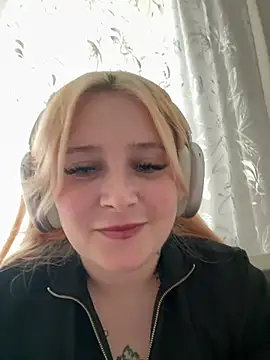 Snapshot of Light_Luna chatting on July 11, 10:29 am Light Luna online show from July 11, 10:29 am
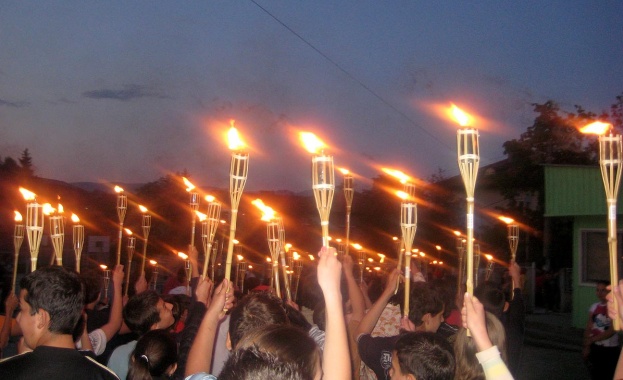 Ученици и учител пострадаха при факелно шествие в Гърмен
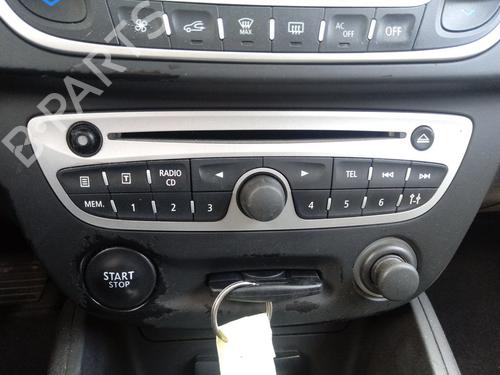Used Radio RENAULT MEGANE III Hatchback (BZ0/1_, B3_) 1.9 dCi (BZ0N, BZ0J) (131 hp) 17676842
--
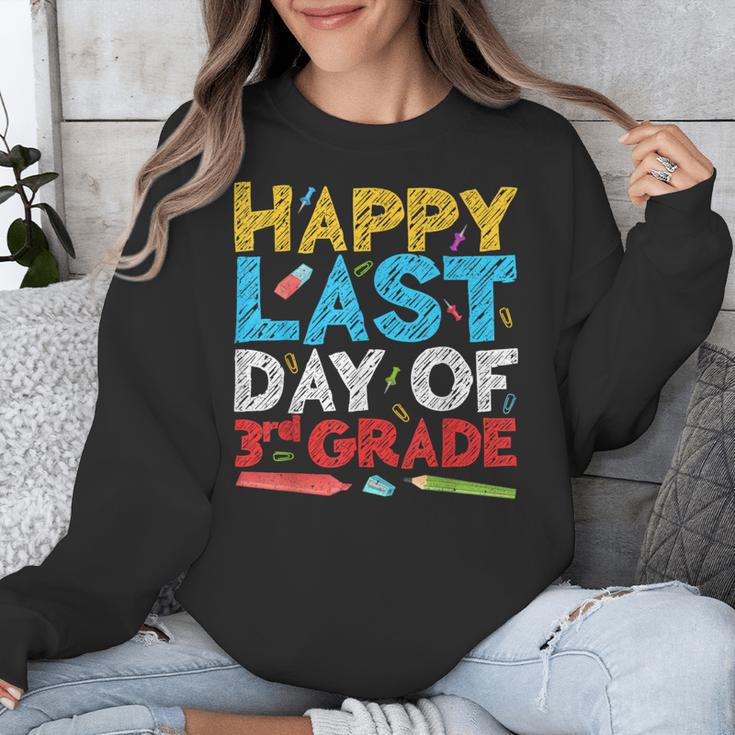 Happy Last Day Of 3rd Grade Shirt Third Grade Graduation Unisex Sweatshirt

[What is needed]
Restate word for word every line from the one with "Ученици и учител" up to and including the one with "Used Radio RENAULT" in the records above, minus the pictures.

[Exercise response]
 Ученици и учител пострадаха при факелно шествие в Гърмен
Used Radio RENAULT MEGANE III Hatchback (BZ0/1_, B3_) 1.9 dCi (BZ0N, BZ0J) (131 hp) 17676842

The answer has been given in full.